Enter William Buckley, World War II vet, son of a wealthy oil man, educated in an English boarding school, and eventually at Yale University, where he ran head on into the liberalism which serves as the sieve through which all ideas in the academic world are strained . Where most of us might just try to grin and bear the liberal indoctrination for four years, Buckley's response was to grin and refuse to bear it, hitting back with his first book, God and Man at Yale , in 1951, a witty expose of the techniques and pervasiveness of liberal indoctrination within the hallowed halls of academia. Liberals reacted to the book with a heaping of shock and disgust, garnished with a soupcon of hysteria. E.g., the Saturday Review's reasoned, dispassionate reaction:
"The book is one which has the glow and appeal of a fiery cross on a hillside at night. There will undoubtedly be robed figures who gather to it, but the hoods will not be academic. They will cover the face."
(Nothing like a tolerant liberal, I always say.)
And ever since, Buckley has been the scourge of liberalism and liberal pretensions. In 1955, he assembled a distinguished cast of ex-communists and conservative academics looking for a venue for their ideas, and launched National Review magazine, whose job it was to "stand athwart history, yelling, 'Stop!'" In addition to being NR's editor-in-chief for over forty years, and writing a syndicated newspaper column, he was also the author of numerous books (inclusing several novels) and host of PBS's talk show The Firing Line for over thirty years. He engaged in many public debates on a variety of subjects, and somehow found time to be an avid amateur musician (piano and harpsichord) as well as an accomplished sailboat skipper (and wrote two or three books on that subject).
The rise of conservatism as a political force followed from Buckley's creation of an intellectual infrastructure, borrowing from traditionalists like Edmund Burke, libertarians like Albert Jay Nock, and the free-marker ideas of Adam Smith and Milton Friedman. Barry Goldwater was the first presidential candidate who put the sparkle in the eyes of National Review, and though his candidacy went down in flames, the ideas surrounding Goldwater's conservative platform did not. It took Ronald Reagan to bring these ideas forcefully into the presidential arena, and though conservatives can complain that the Reagan Revolution wasn't complete, there is no denying Reagan's contribution toward vanquishing the Soviet Union as well as re-establishing the respectability of free-market economics. Buckley and Ronald Reagan became close personal friends, and Reagan was always quick to point out the impact that National Review had on his political thinking.
As a practitioner of the polemical arts, Buckley was second to none. Yet, he always did his job with a playful flair, often disarming his opponents with his rapier wit -- or enraging them, take your pick. He avoided the bitterness and rancor rampant in today's political punditry, always keeping his wits and good cheer. And his rhetorical skills were widely acknowledged and feared.
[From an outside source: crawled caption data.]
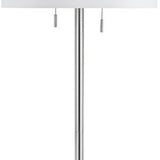 Benzara Metal Body Floor Lamp with Fabric Drum Shade and Pull Chain Switch, Silver BM220845 Silver Metal and Fabric BM220845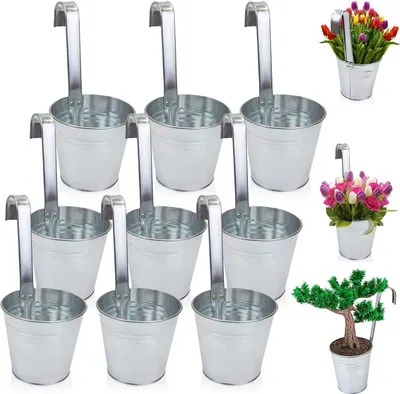 Produktbild von 9 x Hängetopf Blumentopf Hängetöpfe Garten Balkon Blumen Topf Kräutertopf Zink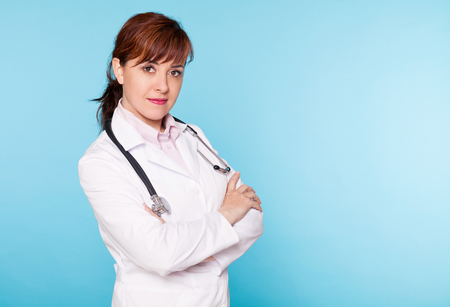 doctor with stethoscope medicine hospital equipment healthyの写真素材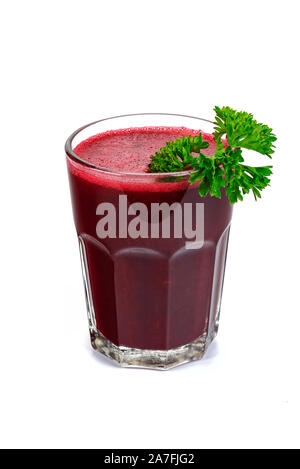 Fresh beet juice with parsley in a glass isolated on a white background Stock Photo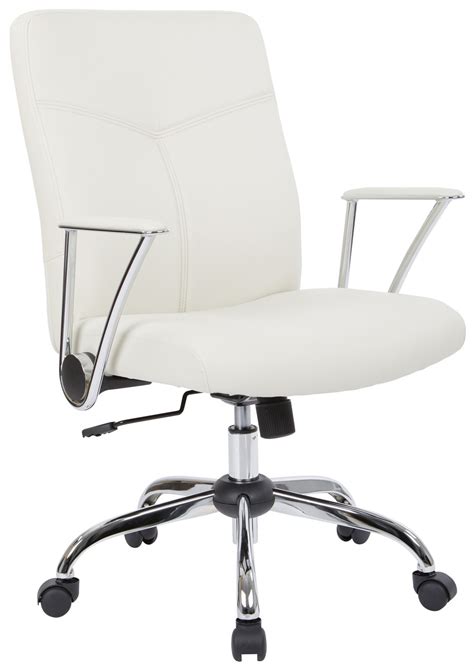 White Mid Back Conference Room Chair With Flip Up Arms Work Smart By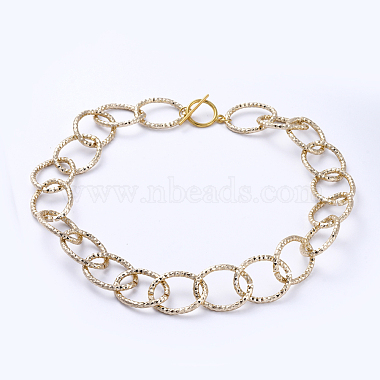Pulseras y collares de cadena de cable con textura de aluminio conjuntos de joyas(SJEW-JS01094-03)-7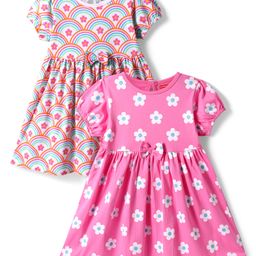 Babyhug Cotton Woven Half Puffed Sleeves Floral & Rainbow Printed Frocks with Headbands & Bow Applique Pack of 2 - Dark Pink & White-image-18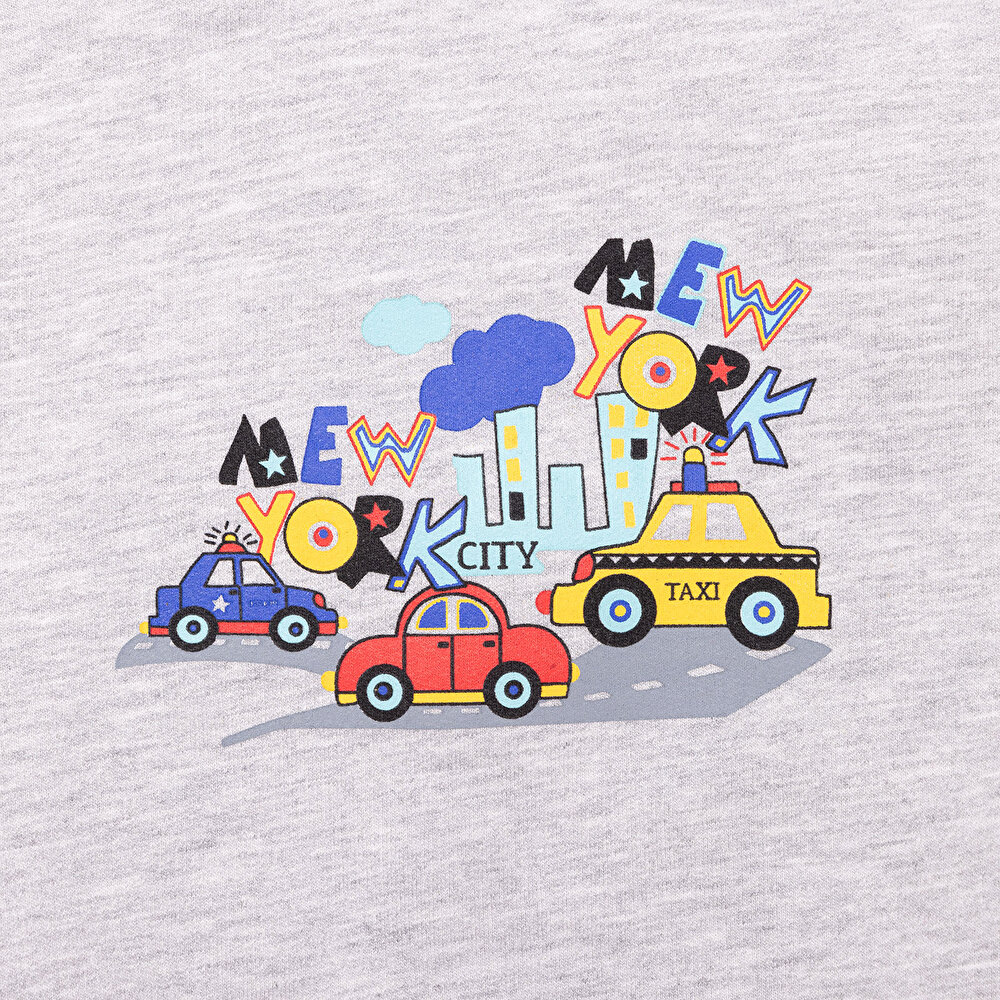 Erkek Bebek Sweatshirt Şardonlu Çıtçıtlı Araba Desen Bisiklet Yaka Uzun Kol Gri Melanj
In one debate, Buckley led a team of conservatives against a team of liberals led by Gary Hart, the former U.S. Senator from Colorado who had (by this time) run a bid to become the Democratic presidential candidate -- a bid that was derailed by an extramarital affair he had been having with a young woman named Donna Rice. (It seems almost quaint that, in the days before the unhousebroken Clintons left their unique stain on the national conscience, we used to hold political candidates up to some level of moral standard higher than zero degrees Kelvin.) During one of the cross-examinations, Buckley asked Hart whether it embarrassed him that one of Hart's own team members had once disagreed with the viewpoint Hart was putting forth. Hart replied, "Not in the slightest." Then came the famous Buckley grin -- sly, almost leering -- and his understated retort: "Does anything embarrass you?" The audience exploded in mirth, and if looks could kill, Hart probably would have spent his remaining days on death row.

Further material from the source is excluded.